My compiler listing shows this:
Line <---------------------- Source
Number ....1....+....2....+....3....+
000100 // Set SQL Parameters
000100 /SET CCSID(*CHAR:*JOBRUNMIX)
000100 // SQL COMMUNICATION AREA
...

The RPG compiler has a very strange (aka wrong) default idea about the CCSID of character variables. Instead of defaulting to the job CCSID, they default to the mixed SBCS/DBCS CCSID related to the job CCSID.

If your job CCSID (or your default job CCSID) is 37, RPG assumes a default CCSID of 937 for your character variables. Usually this doesn't matter, but if you have x'0E' in the data, it is interpreted as a shift-out (shifting out of SBCS mode into DBCS mode). DBCS mode ends with the shift-out x'0F'.

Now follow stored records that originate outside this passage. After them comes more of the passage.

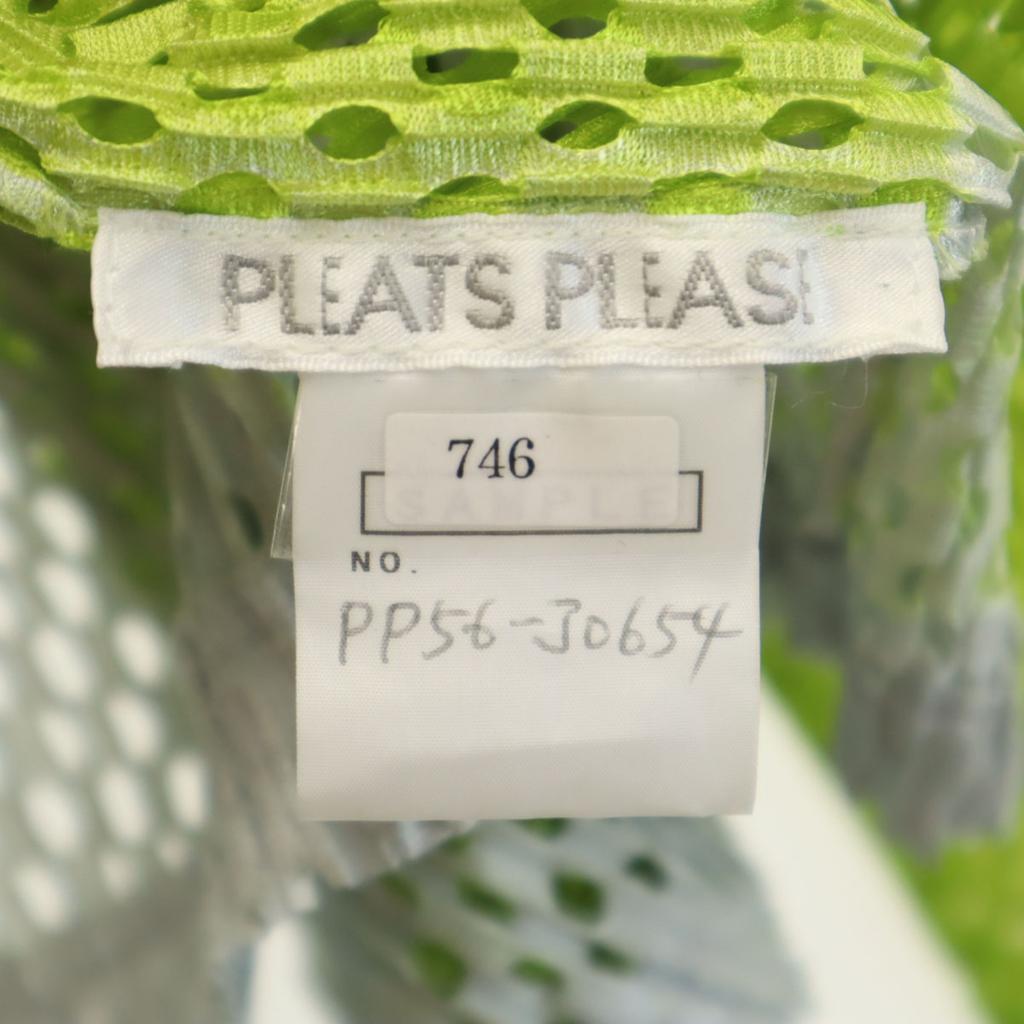 PLEATS PLEASE Made In Japan Long Sleeve Mesh Blouse 5 Yellow-green Women Used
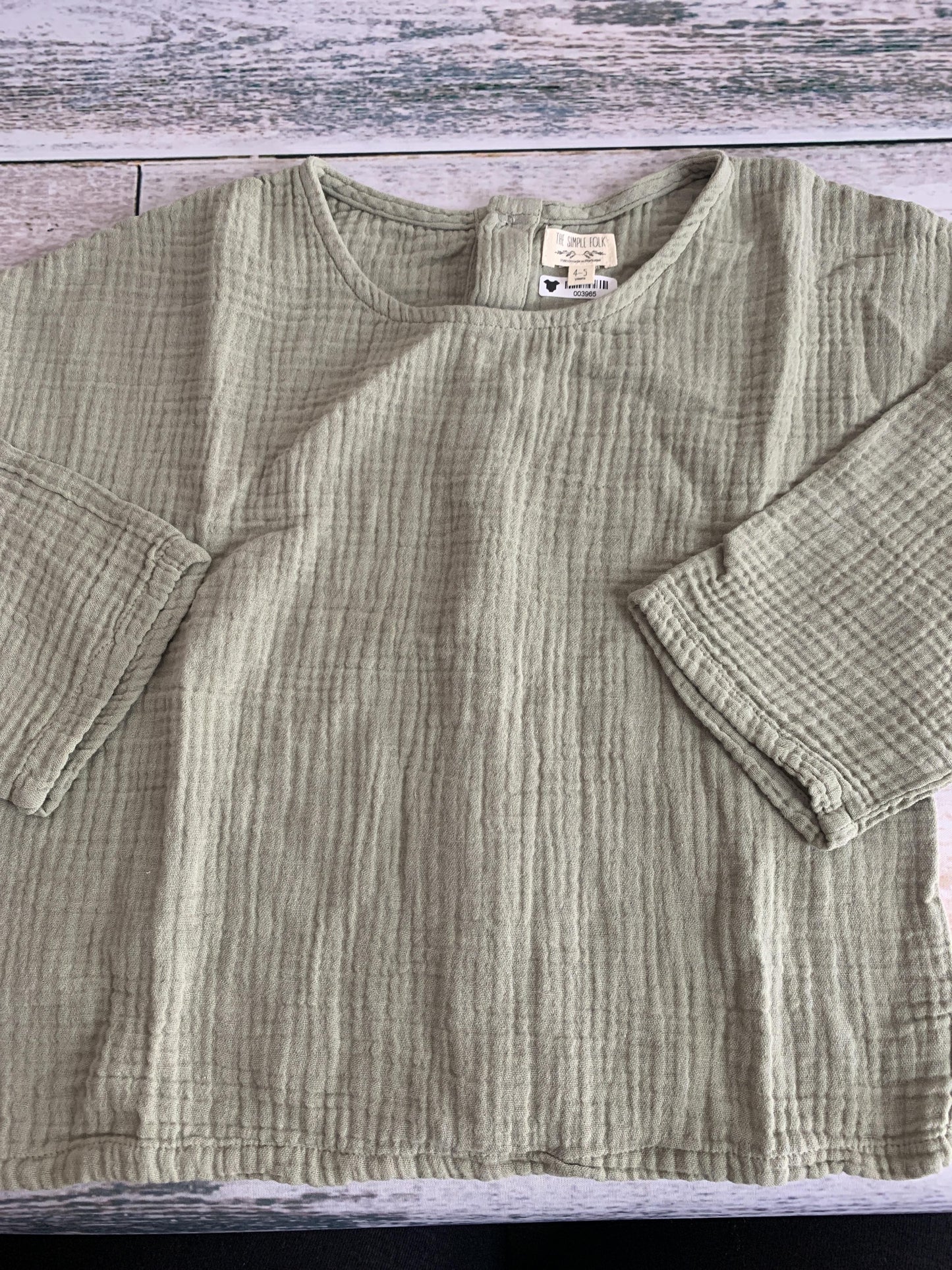 The Simple Folk Girls Sage Shirt Size: 4T Sage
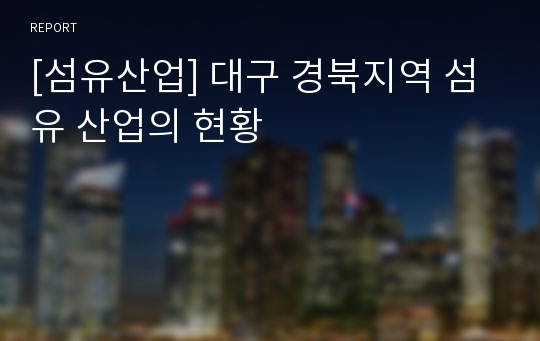 [섬유산업] 대구 경북지역 섬유 산업의 현황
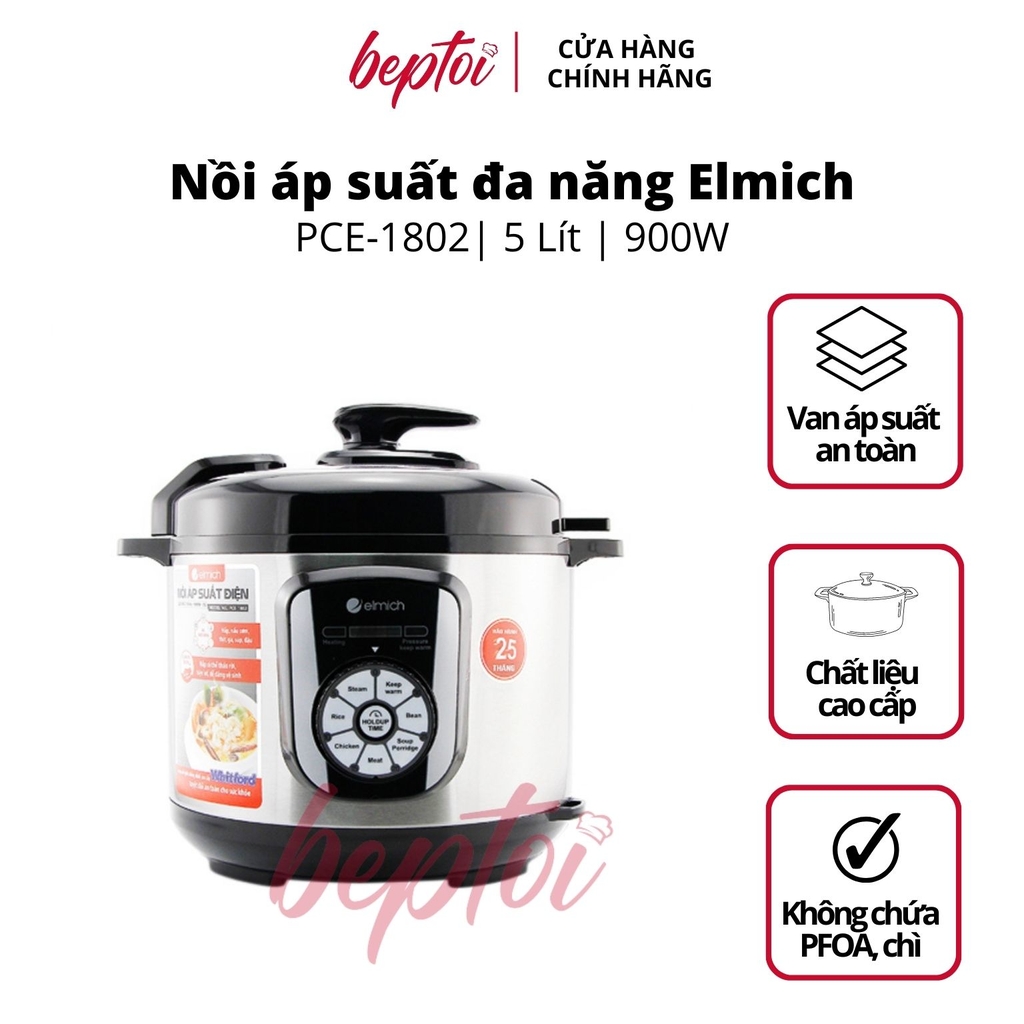 Nồi áp suất đa năng Elmich 5L, nồi áp suất điện đa năng Elmich PCE-1802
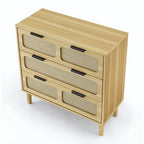 Farmhouse Wooden Storage Chest,Modern Rattan Dresser Cabinet with 3 Wide Drawers and Metal Handles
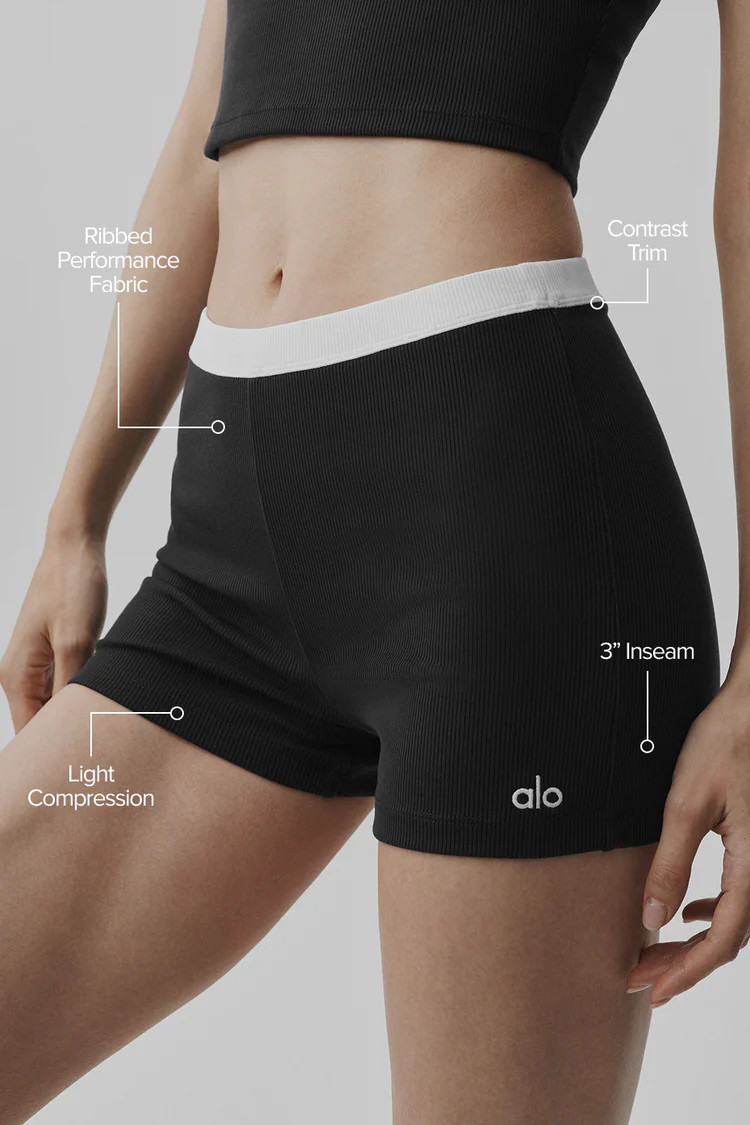 Goddess Ribbed High-Waist First Pick Short | Alo Yoga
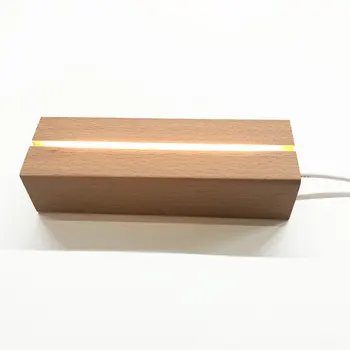 3D-s Led-es Éjjeli Lámpa, Fából készült Led Lámpa Bázis USB-Kábel Kapcsoló DIY Éjszakai Fény Bázis 15cm Hosszú, Akril, Fa Lámpa Bázis Fehér/Meleg Fény 5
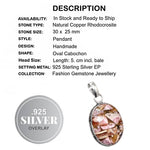 Natural Copper Rhodochrosite Gemstone .925 Sterling Silver Pendant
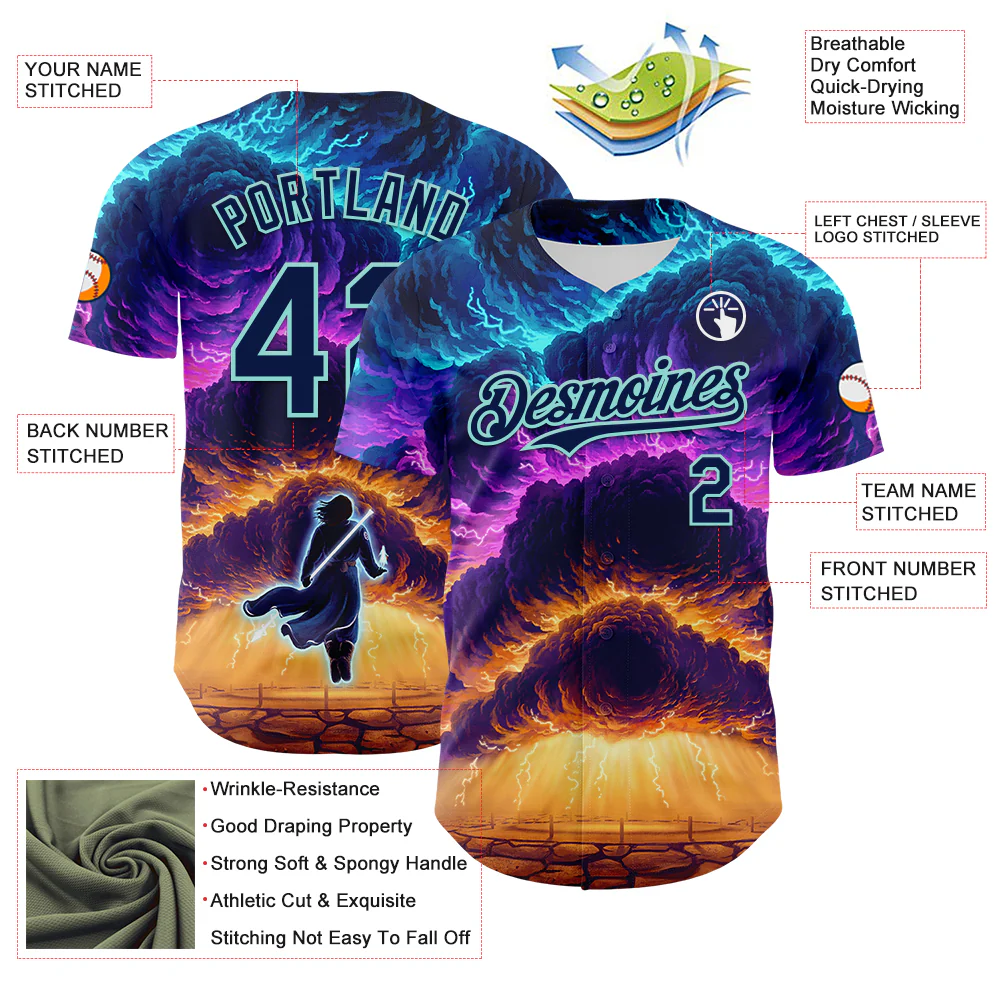 Custom Blue Navy-Ice Blue 3D Syntetyc Stormblessed Authentic Baseball Jersey - Image 3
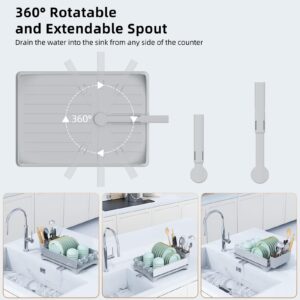 Gajbah Dish Drying Rack,Compact Dish Rack with a Cutlery Holder,Dish Drainers for Kitchen Counter,12" W x 16.5" D (Light Grey)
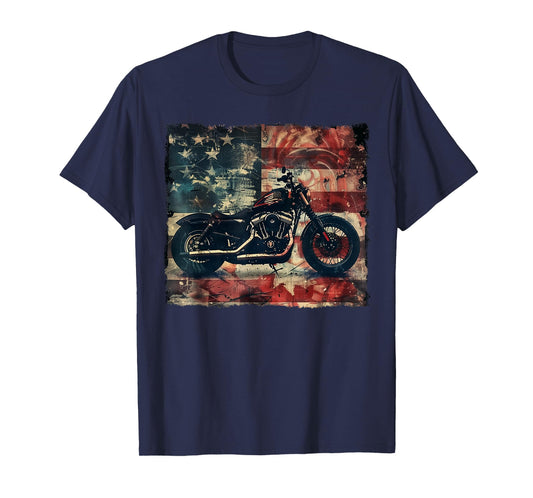 Vintage Motorcycle USA Flag Retro Biker American T-Shirt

To tell RPG to assume that character variables default to the actual job CCSID, code Control keyword CCSID(*CHAR:*JOBRUN).

The SQL precompiler adds that /SET directive to ensure that the variables it defines will have the same default as the RPG variables.

If you have CCSID(*CHAR:*JOBRUN), then the SQL precompiler will code that in its /SET directive too.

I think it's a good idea to always code CCSID(*CHAR:*JOBRUN) in the control statements.